## EXERCISE DESCRIPTION
Among the lines of the listing below, retype exactly those from the one containing "NWT Jcrew classic" through the one containing "Aerial video view", both included. Do not include pictures.

## RECORDS
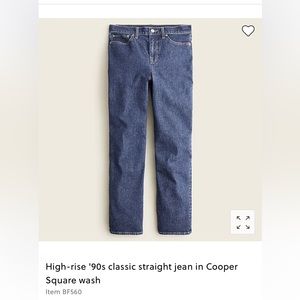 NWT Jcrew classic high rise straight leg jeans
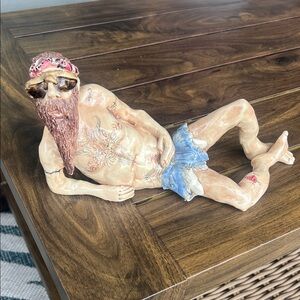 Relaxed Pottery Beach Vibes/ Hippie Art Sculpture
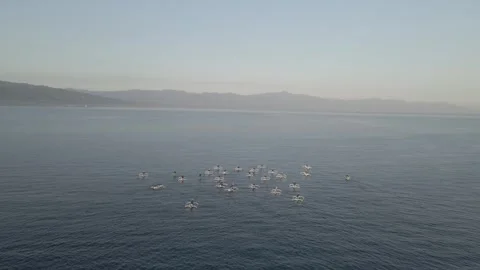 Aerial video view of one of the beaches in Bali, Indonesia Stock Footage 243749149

==

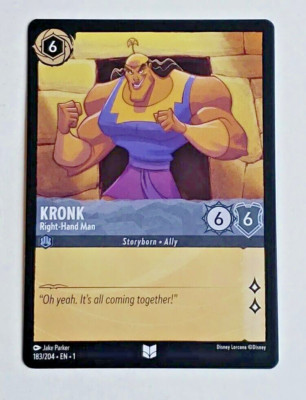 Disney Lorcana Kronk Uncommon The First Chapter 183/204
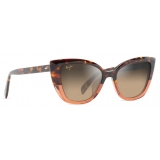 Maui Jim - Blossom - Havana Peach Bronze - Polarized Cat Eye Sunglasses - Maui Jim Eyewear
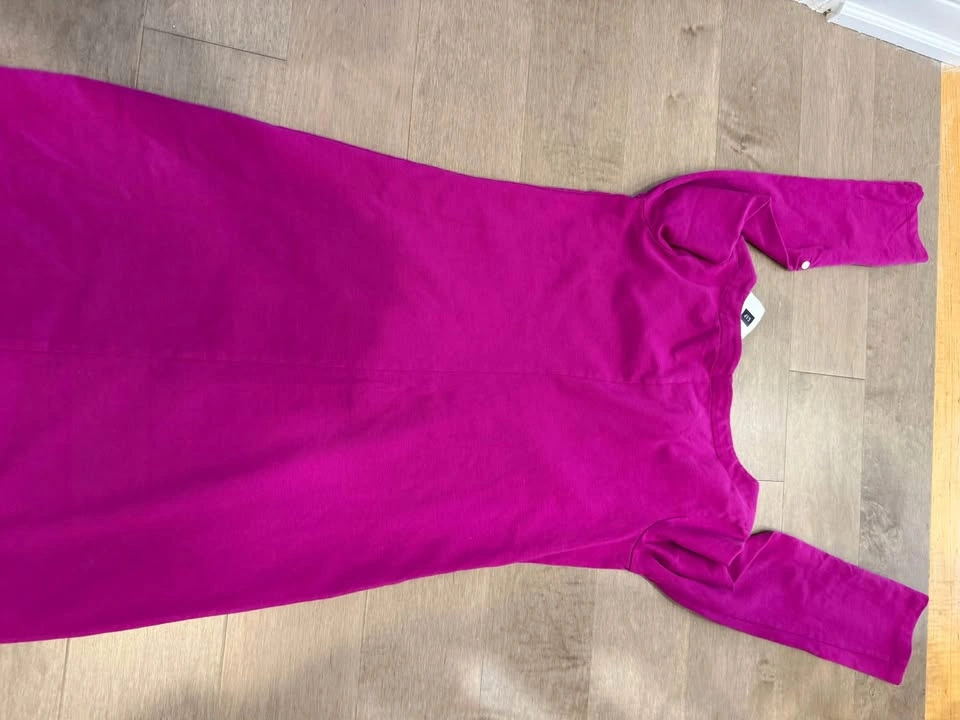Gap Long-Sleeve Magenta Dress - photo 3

## ANSWER AREA
 NWT Jcrew classic high rise straight leg jeans
 Relaxed Pottery Beach Vibes/ Hippie Art Sculpture
 Aerial video view of one of the beaches in Bali, Indonesia Stock Footage 243749149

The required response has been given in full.